■ Scraped caption text data:
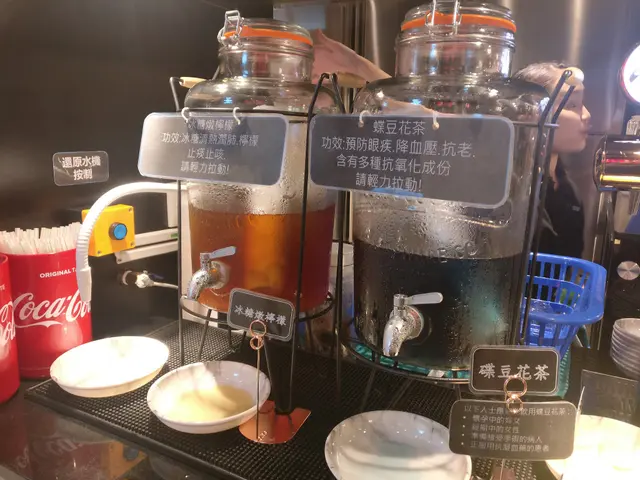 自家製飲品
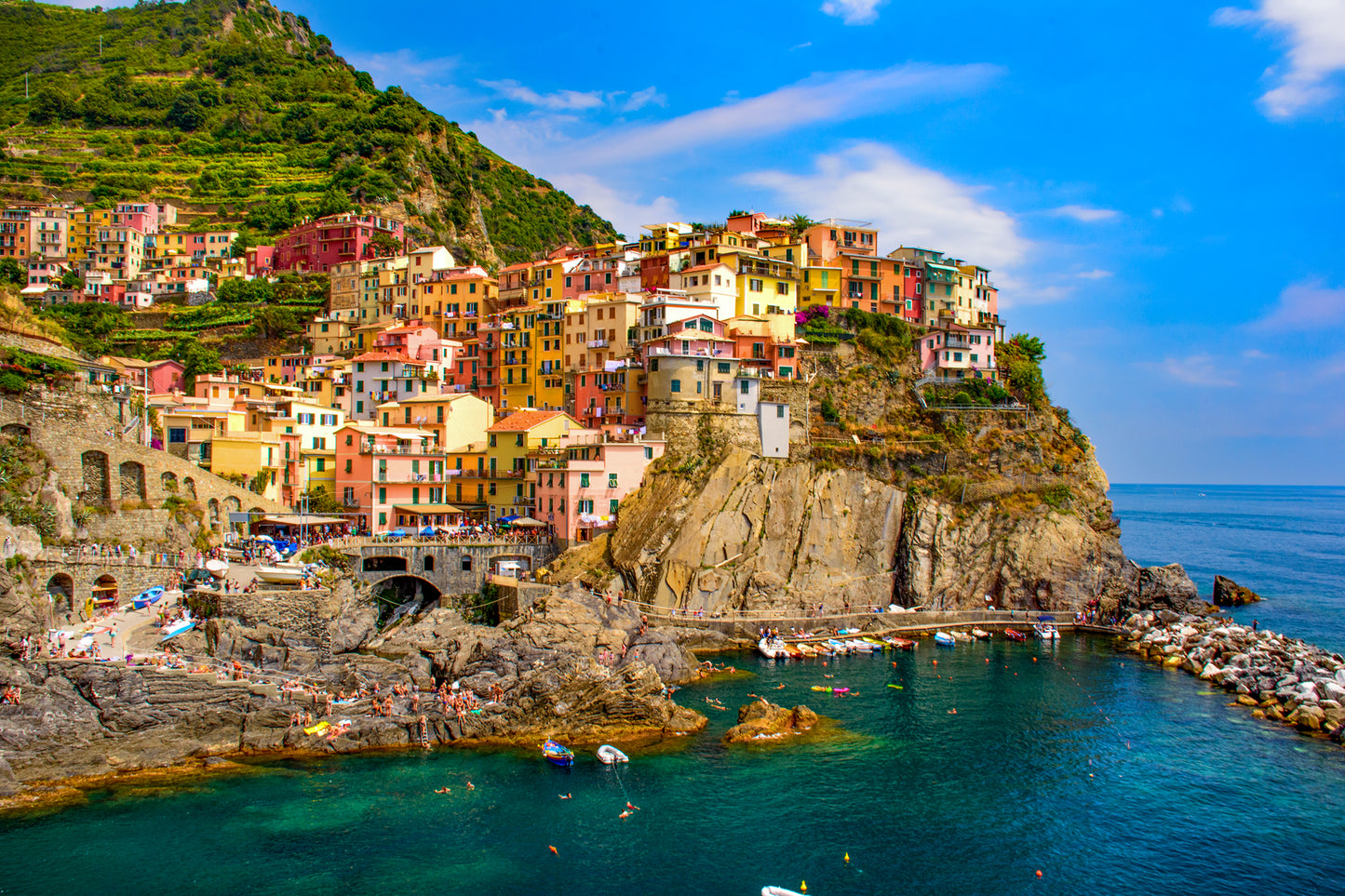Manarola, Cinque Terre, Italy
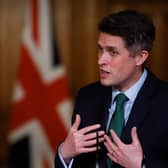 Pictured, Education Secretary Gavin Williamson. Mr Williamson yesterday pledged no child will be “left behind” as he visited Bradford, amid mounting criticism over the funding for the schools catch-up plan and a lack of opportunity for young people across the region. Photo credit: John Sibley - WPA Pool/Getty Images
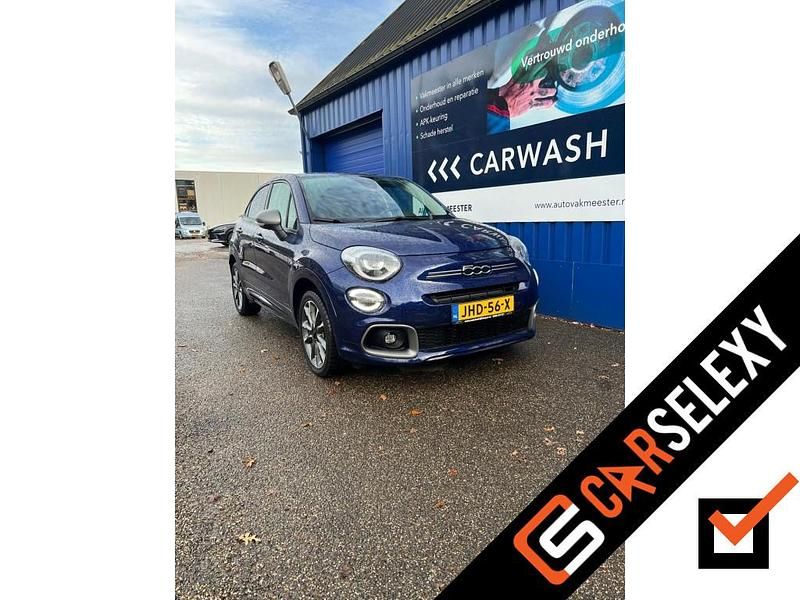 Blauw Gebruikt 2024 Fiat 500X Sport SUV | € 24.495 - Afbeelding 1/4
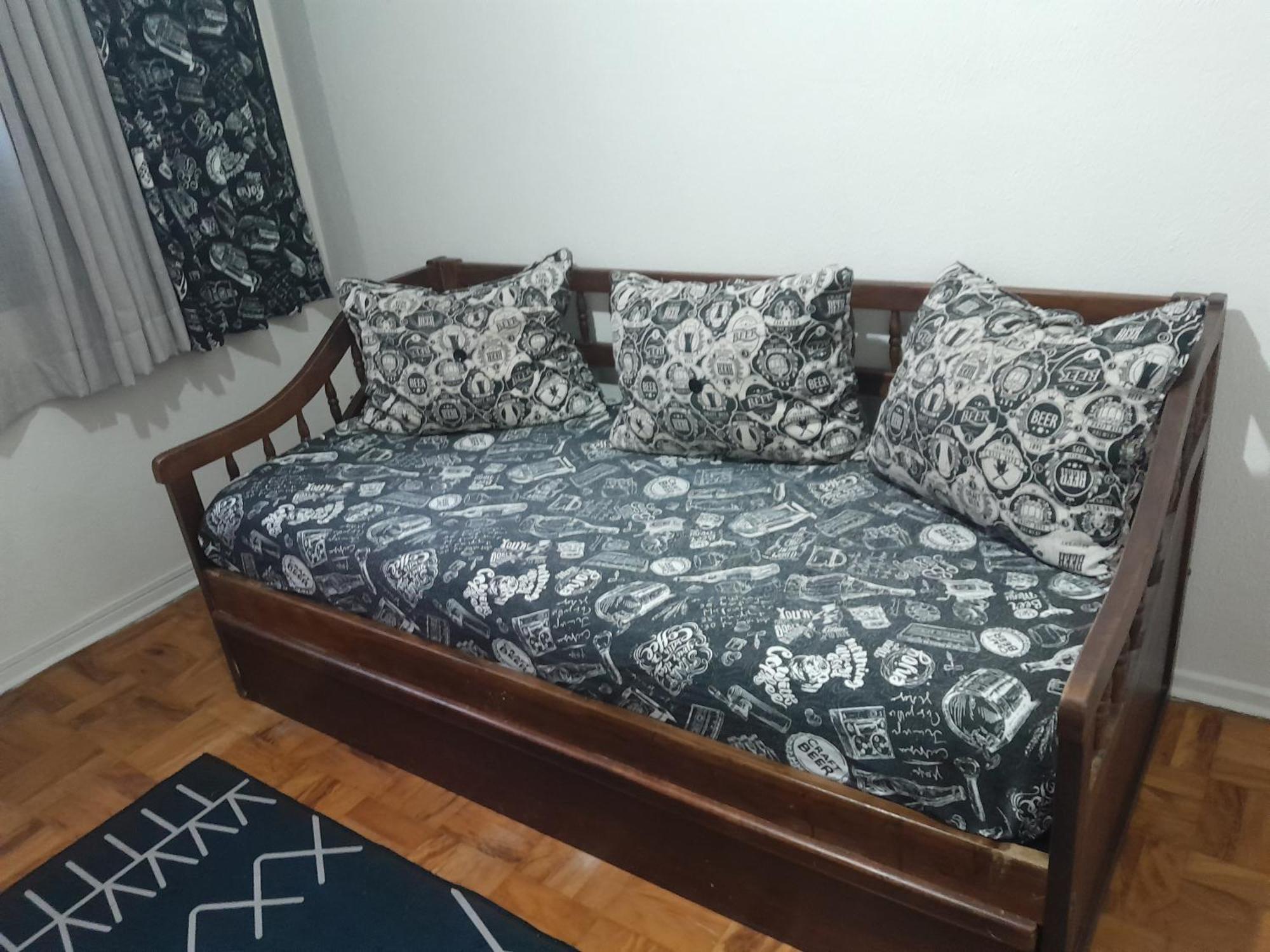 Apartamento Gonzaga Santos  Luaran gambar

■ WHAT YOU NEED TO DO:
Output each of the lines above exactly, apart from the images.

■ FINISHED TASK:
 自家製飲品
Manarola, Cinque Terre, Italy
 Pictured, Education Secretary Gavin Williamson. Mr Williamson yesterday pledged no child will be “left behind” as he visited Bradford, amid mounting criticism over the funding for the schools catch-up plan and a lack of opportunity for young people across the region. Photo credit: John Sibley - WPA Pool/Getty Images
 Blauw Gebruikt 2024 Fiat 500X Sport SUV | € 24.495 - Afbeelding 1/4
 Apartamento Gonzaga Santos  Luaran gambar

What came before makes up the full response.